2019-04-03 12:37:34

by Maximilian Heyne

[permalink] [raw]
Subject: [PATCH v2 0/2] Adding per-controller timeout support to nvme

As different nvme controllers are connect via different fabrics, some require
different timeout settings than others. This series implements per-controller
timeouts in the nvme subsystem which can be set via sysfs.
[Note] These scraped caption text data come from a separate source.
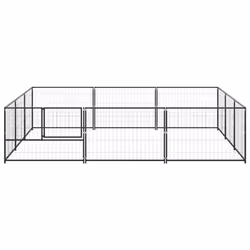 vidaXL Dog Kennel Black 9 m? Steel Puppy Enclosure Outdoor Patio Dog Cage - Additional view 2
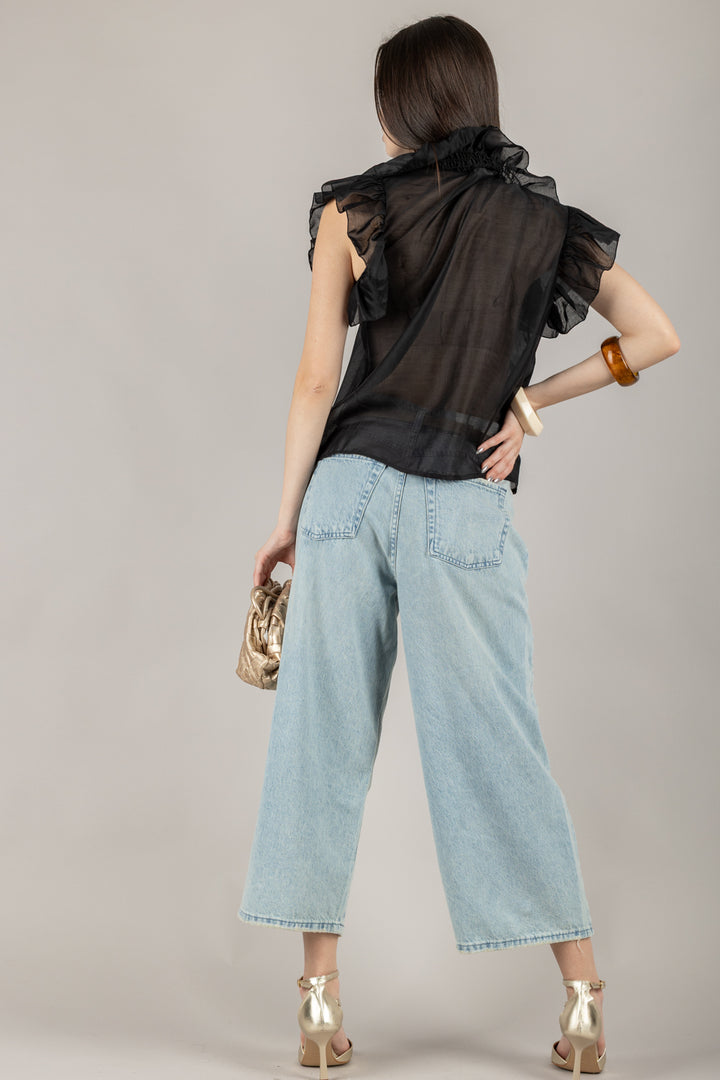 VICOLO - TD0893 - BLUSA CON ROUCHES ELASTICATA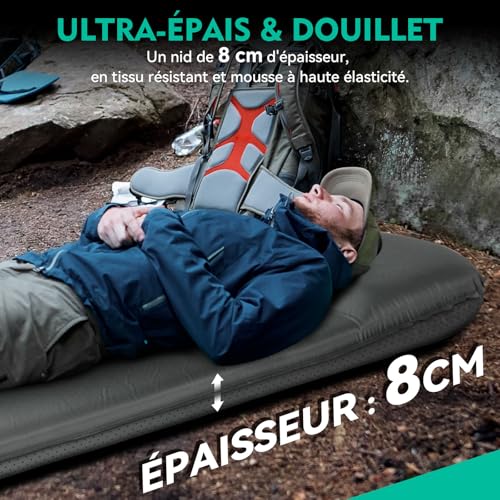 Matelas autogonflant en mousse HIKENTURE 8 cm R-Valeur 9.6 gris pour le camping - 3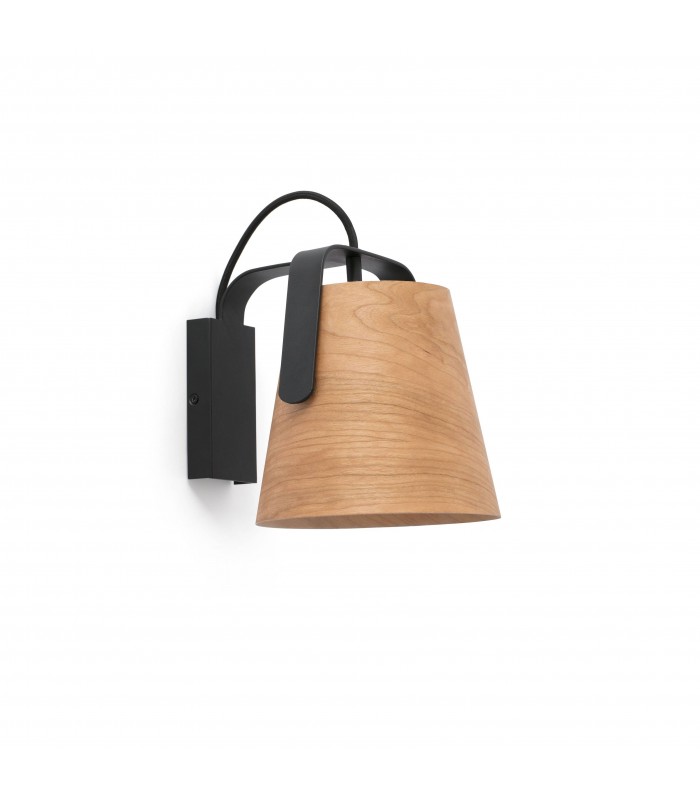 1 Light Indoor Wall Lamp Black, Wood, E27 - 2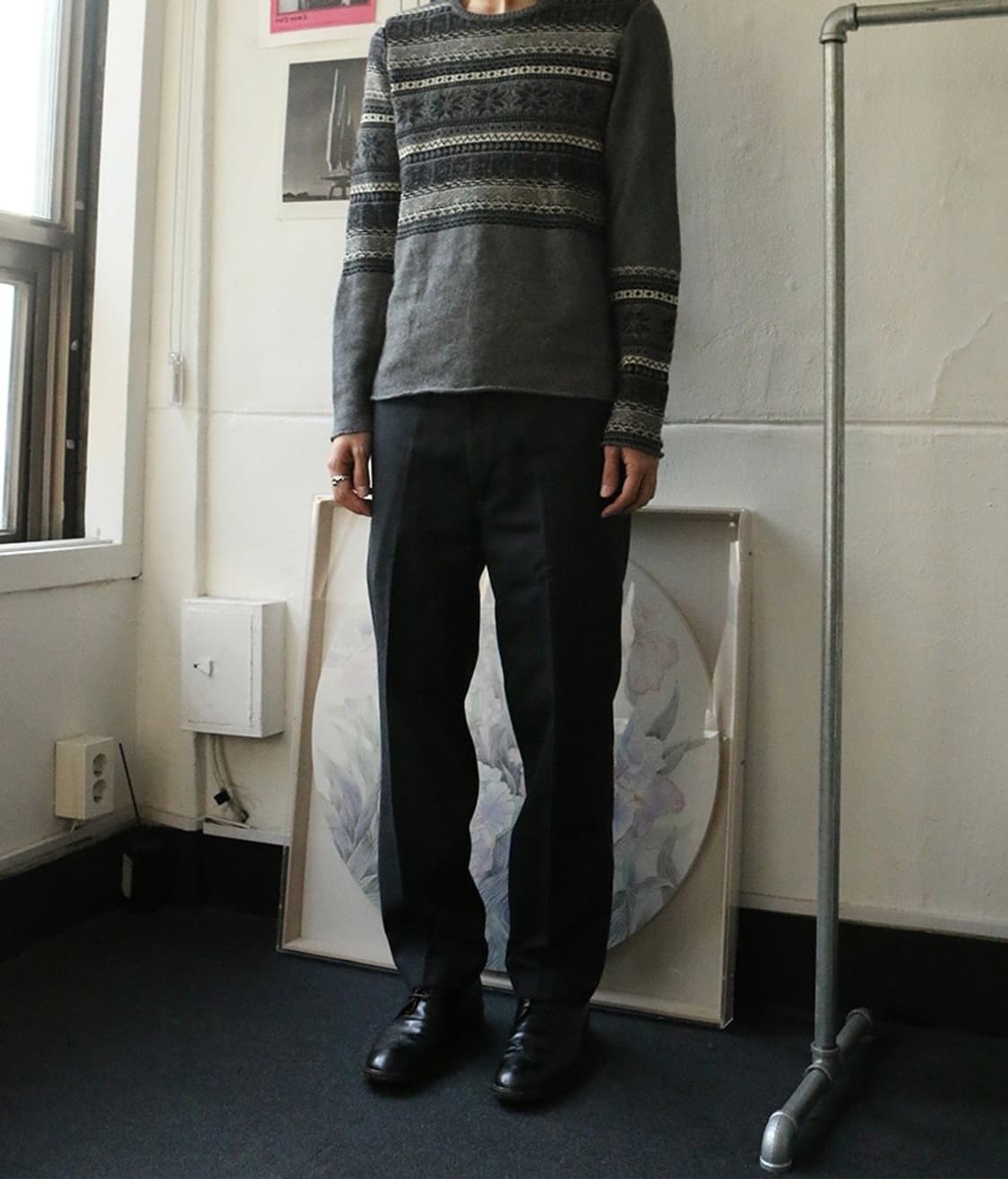 준야 와타나베 그레이 울 블렌드 트라우저  상품이미지2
We have reached out to the NVMe working group to implement per-controller
timeout values. These patches are paving the way for this.

Changes since v1:
- implement the change not only for the pci NVMe driver but also for fc,
lightnvm, rdma, tcp and loop.
- add an additional check when updating timeouts to not race with controller
creation or deletion

Maximilian Heyne (2):
nvme: add per-controller io and admin timeouts
nvme: add sysfs controls for io and admin timeouts

drivers/nvme/host/core.c | 123 +++++++++++++++++++++++++++++++++++++++++--
drivers/nvme/host/fc.c | 2 +-
drivers/nvme/host/lightnvm.c | 2 +-
drivers/nvme/host/nvme.h | 2 +
drivers/nvme/host/pci.c | 13 ++---
drivers/nvme/host/rdma.c | 4 +-
drivers/nvme/host/tcp.c | 4 +-
drivers/nvme/target/loop.c | 4 +-
8 files changed, 136 insertions(+), 18 deletions(-)

--
2.16.5




Amazon Development Center Germany GmbH
Krausenstr. 38
10117 Berlin
Geschaeftsfuehrer: Christian Schlaeger, Ralf Herbrich
Ust-ID: DE 289 237 879
Eingetragen am Amtsgericht Charlottenburg HRB 149173 B



2019-04-03 12:36:45

by Maximilian Heyne

[permalink] [raw]
Subject: [PATCH v2 2/2] nvme: add sysfs controls for io and admin timeouts

Add two sysfs files for reading and updating the admin and io timeouts
of individual NVMe controllers.

The controller must be in the LIVE or ADMIN_ONLY state for this to work
so that setting timeouts doesn't race with the creation or deletion of
tagset, admin_tagset, admin_q and connect_q of nvme_ctrl.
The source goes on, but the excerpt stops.